Lectures et interprétations quotidiennes

Le mardi de Pâques

Première lecture

Livre des Actes des Apôtres 2,36-41.

Le jour de la Pentecôte, Pierre disait à la foule : « Que toute la maison d’Israël le sache donc avec certitude : Dieu l’a fait Seigneur et Christ, ce Jésus que vous aviez crucifié. »
Les auditeurs furent touchés au cœur ; ils dirent à Pierre et aux autres Apôtres : « Frères, que devons-nous faire ? »
Pierre leur répondit : « Convertissez-vous, et que chacun de vous soit baptisé au nom de Jésus Christ pour le pardon de ses péchés ; vous recevrez alors le don du Saint-Esprit.
Car la promesse est pour vous, pour vos enfants et pour tous ceux qui sont loin, aussi nombreux que le Seigneur notre Dieu les appellera. »
Par bien d’autres paroles encore, Pierre les adjurait et les exhortait en disant : « Détournez-vous de cette génération tortueuse, et vous serez sauvés. »
Alors, ceux qui avaient accueilli la parole de Pierre furent baptisés.
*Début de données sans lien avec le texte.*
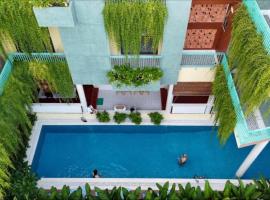 La ALBA Beach Villa, hotel a Hoi An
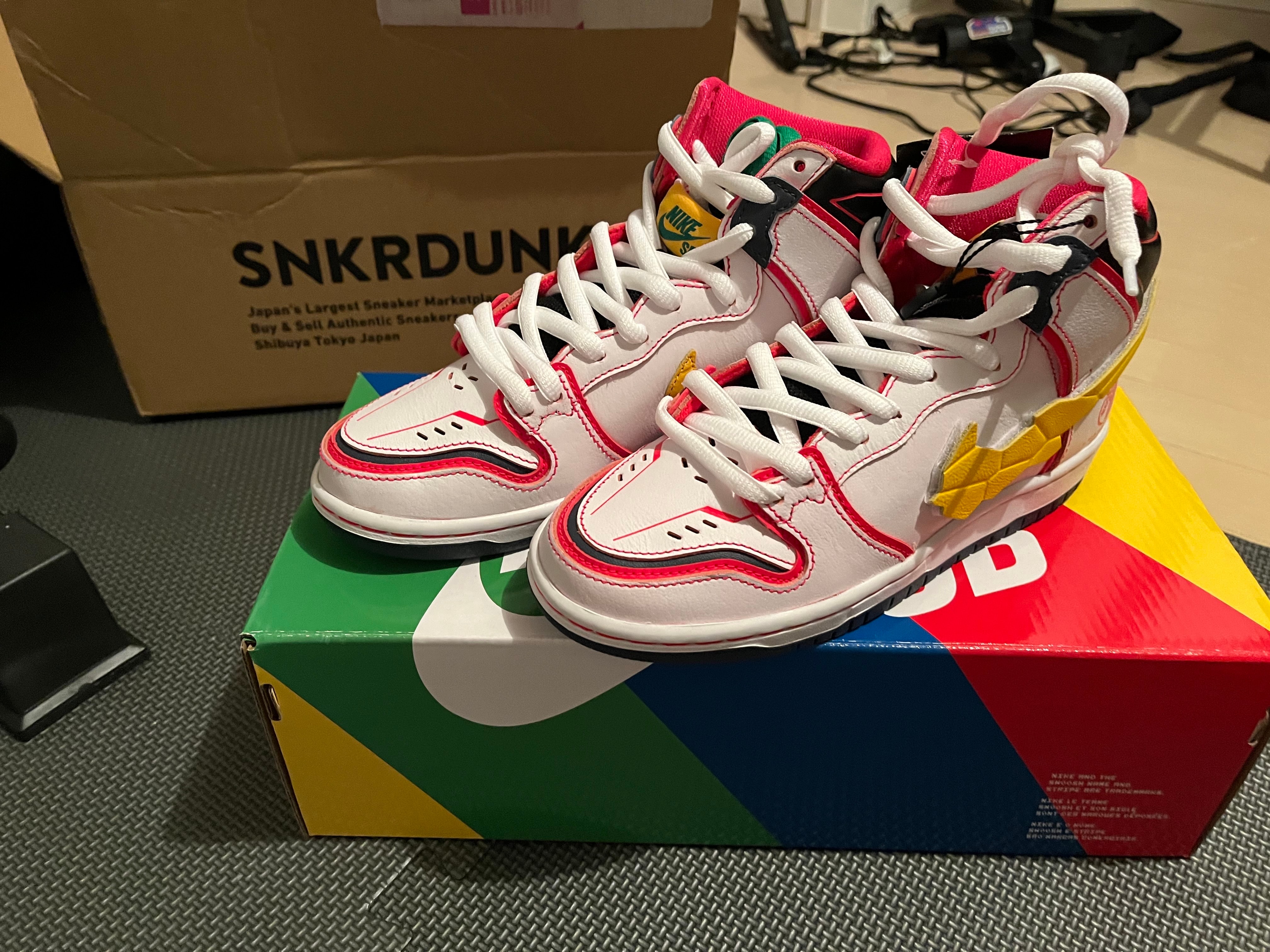 Gundam Unicorn × Nike SB Dunk High PRO QS "UNICORN"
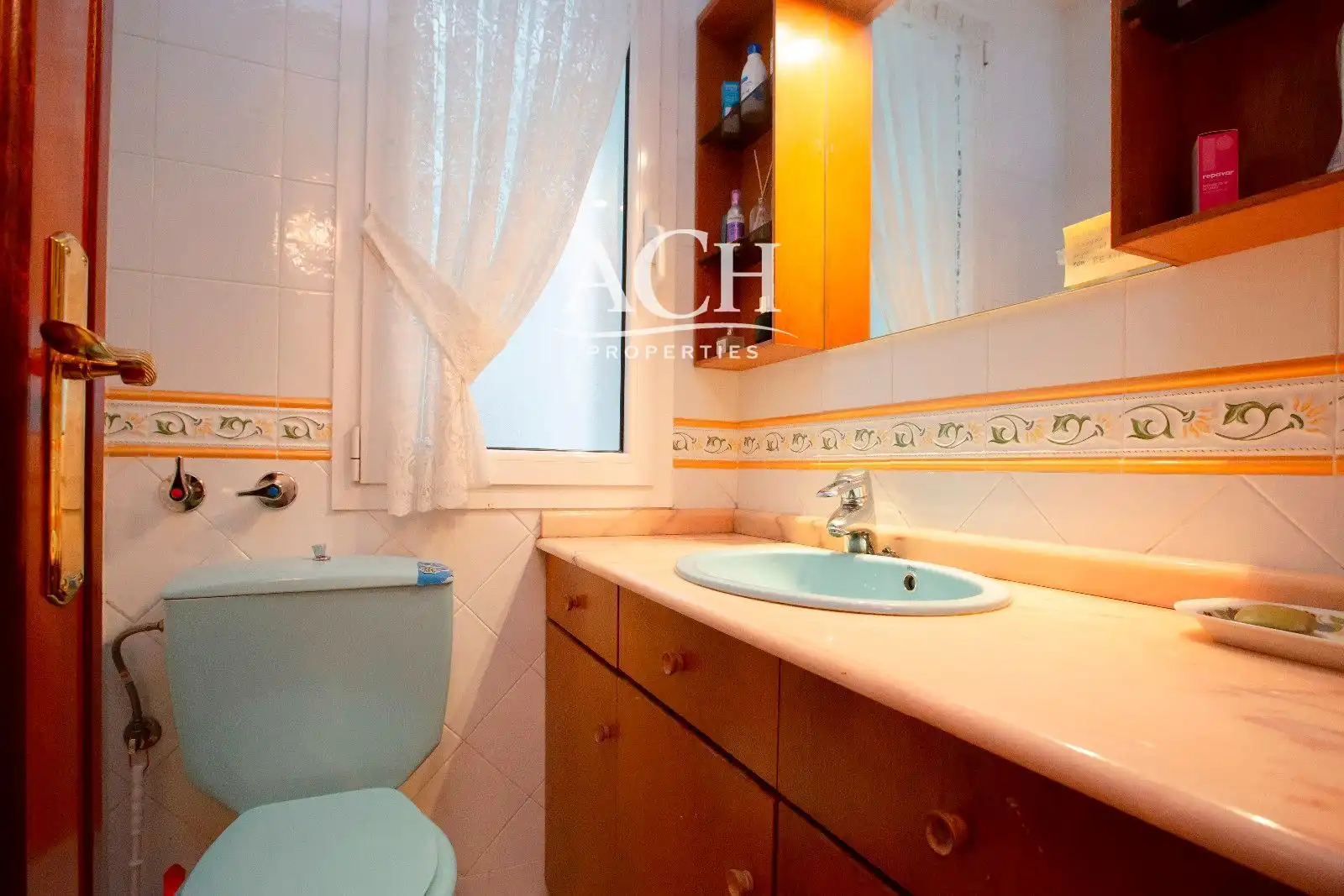 Baño de Piso en venta en Bilbao  con Calefacción, Amueblado y Alarma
Ce jour-là, environ trois mille personnes se joignirent à eux.
Analyse historique Première lecture

Le passage se situe dans le contexte immédiat de la fête juive de la Pentecôte, période où Jérusalem rassemble de nombreux pèlerins. Pierre prend la parole publiquement après la crucifixion de Jésus, s’adressant directement aux habitants « de la maison d’Israël », c’est-à-dire l’ensemble du peuple juif réuni. L’affirmation centrale est la proclamation de Jésus comme Seigneur et Messie, une déclaration audacieuse car elle s’adresse à ceux qui ont assisté ou consenti à la mort publique de Jésus sous le régime romain.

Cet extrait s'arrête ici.